Il modo è innegabilmente cambiato, la rivoluzione della conoscenza, opposta a quella industriale, sta proponendo per tutti nuovi paradigmi.
Allora vengono fuori le piccole e anonime realtà come StudioBoost ed è grazie alla nostra esistenza ed alla nostra insistenza commerciale che [nome di una software house che fornisce gestionali per commercialisti a caso iscritta ad una associazione di categoria] inizia a fornire strumenti “innovativi” senza, però, mai proporre quella visione strategica o progettuale che il mercato dovrebbe lecitamente pretendere.
Un esempio su tutti: la fattura elettronica.

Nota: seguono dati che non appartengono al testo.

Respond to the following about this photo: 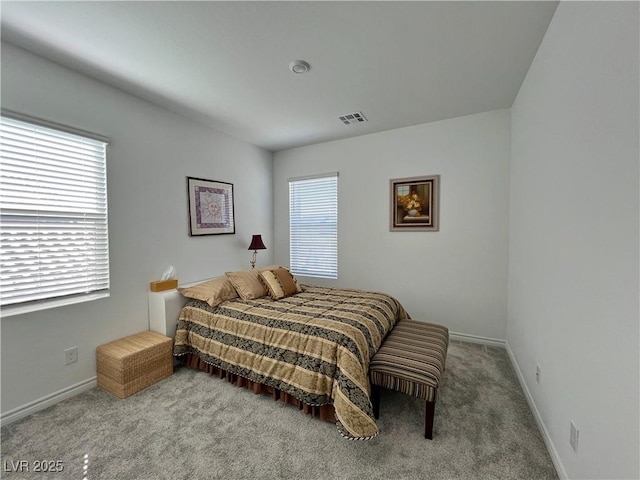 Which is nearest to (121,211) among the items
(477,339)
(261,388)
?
(261,388)

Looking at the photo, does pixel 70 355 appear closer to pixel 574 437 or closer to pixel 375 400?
pixel 375 400

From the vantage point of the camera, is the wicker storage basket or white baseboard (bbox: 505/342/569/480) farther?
the wicker storage basket

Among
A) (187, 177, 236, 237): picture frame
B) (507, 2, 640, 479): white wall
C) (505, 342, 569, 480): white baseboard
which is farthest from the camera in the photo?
(187, 177, 236, 237): picture frame

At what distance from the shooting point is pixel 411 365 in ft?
6.30

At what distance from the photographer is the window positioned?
427cm

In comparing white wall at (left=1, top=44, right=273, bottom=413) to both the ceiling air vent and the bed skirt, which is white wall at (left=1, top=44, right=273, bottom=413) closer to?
the bed skirt

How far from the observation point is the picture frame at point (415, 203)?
350cm

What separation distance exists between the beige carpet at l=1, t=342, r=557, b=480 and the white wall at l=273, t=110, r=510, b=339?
117cm

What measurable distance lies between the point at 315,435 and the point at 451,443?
2.99 feet

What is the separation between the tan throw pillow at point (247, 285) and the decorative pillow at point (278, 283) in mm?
79

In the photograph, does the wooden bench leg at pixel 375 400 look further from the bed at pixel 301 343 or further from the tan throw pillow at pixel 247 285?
the tan throw pillow at pixel 247 285

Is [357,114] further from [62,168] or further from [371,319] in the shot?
[62,168]

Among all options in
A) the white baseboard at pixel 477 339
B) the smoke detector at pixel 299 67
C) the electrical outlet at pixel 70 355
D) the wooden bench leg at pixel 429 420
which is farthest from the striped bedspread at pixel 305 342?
the smoke detector at pixel 299 67

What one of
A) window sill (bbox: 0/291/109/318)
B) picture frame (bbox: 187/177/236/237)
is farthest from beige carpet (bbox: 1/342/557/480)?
picture frame (bbox: 187/177/236/237) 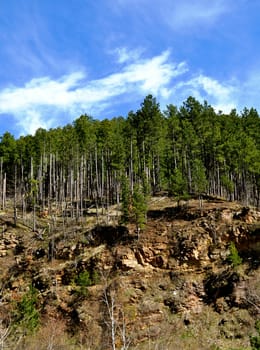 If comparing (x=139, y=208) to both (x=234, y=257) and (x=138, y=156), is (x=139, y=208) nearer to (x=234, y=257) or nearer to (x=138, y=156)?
(x=234, y=257)

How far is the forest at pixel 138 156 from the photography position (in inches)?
2111

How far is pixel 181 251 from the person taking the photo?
4153cm

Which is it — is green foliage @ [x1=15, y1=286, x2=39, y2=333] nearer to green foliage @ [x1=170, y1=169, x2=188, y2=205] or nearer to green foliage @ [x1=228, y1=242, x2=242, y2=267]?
green foliage @ [x1=228, y1=242, x2=242, y2=267]

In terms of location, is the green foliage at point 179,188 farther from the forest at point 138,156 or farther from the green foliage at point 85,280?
the green foliage at point 85,280

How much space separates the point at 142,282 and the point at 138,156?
2143 cm

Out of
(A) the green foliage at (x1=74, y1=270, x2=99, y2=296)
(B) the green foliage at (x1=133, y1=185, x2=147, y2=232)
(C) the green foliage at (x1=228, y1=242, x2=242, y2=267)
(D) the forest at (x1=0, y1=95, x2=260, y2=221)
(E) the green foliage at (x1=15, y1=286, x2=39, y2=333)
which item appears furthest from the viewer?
(D) the forest at (x1=0, y1=95, x2=260, y2=221)

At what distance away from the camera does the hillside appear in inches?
1401

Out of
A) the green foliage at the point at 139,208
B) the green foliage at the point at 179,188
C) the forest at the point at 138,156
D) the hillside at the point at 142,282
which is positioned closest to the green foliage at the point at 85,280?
the hillside at the point at 142,282

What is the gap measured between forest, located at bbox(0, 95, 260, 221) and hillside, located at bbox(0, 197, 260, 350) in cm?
681

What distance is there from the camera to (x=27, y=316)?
36188mm

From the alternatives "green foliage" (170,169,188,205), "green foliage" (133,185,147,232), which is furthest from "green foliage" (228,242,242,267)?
"green foliage" (133,185,147,232)

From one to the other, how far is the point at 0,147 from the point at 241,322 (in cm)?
4476

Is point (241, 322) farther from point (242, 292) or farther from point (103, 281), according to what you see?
point (103, 281)

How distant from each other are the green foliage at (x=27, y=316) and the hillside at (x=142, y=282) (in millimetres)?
96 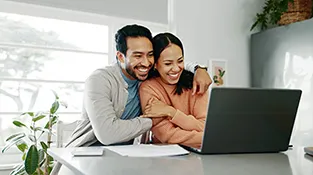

La fatture elettronica esiste dal 2004. Ovvero, gli strumenti normativi per l’emissione della fattura elettronica esistono dal 2004 (14 anni fa!). Gli strumenti tecnologici per “trasferire” la fattura elettronica datano ancora più indietro. Un esempio? Il tracciato EDI, codificato in una norma UNI nella notte dei tempi e recepito dalle norme nazionali proprio attorno al 2004. Perché nel 2004, [nome di una software house che fornisce gestionali per commercialisti a caso iscritta ad una associazione di categoria] non ha integrato quelle tecnologie proponendo al mercato una visione strategica basata sullo scambio di informazioni digitalizzate? Perché oggi la stessa [nome di una software house che fornisce gestionali per commercialisti a caso iscritta ad una associazione di categoria] cavalca l’onda della #FEB2B, quando ormai a gestirla è l’ente che vorrebbe cancellare i commercialisti dal pianeta Terra?
Però, la domanda che mi picchia insistentemente nella testa è: come fate, cari Commercialisti, a dire contemporaneamente che le società come StudioBoost sono dimensionalmente inadeguate a seguirvi ed affidarvi a chi vi sta togliendo un granello alla volta la terra da sotto i piedi?
Chi saprà cogliere nella innovazione tecnologica gli spunti giusti, chi selezionerà i partner (non i fornitori!) migliori, chi sarà disposto a cambiare e a rivedere le proprie convinzioni, sopravviverà; per gli altri, il futuro è quantomeno “incerto”.
Qualsiasi scelta vorrete fare, fate il vostro gioco, i giochi (ormai) sono fatti.
Rien ne va plus.
P.S. Grazie. 1000 volte grazie ai 69 folli visionari, che ci stanno dando fiducia e che stanno beneficiando di servizi software innovativi e modelli di business (prezzi e condizioni) inarrivabili e rivoluzionari.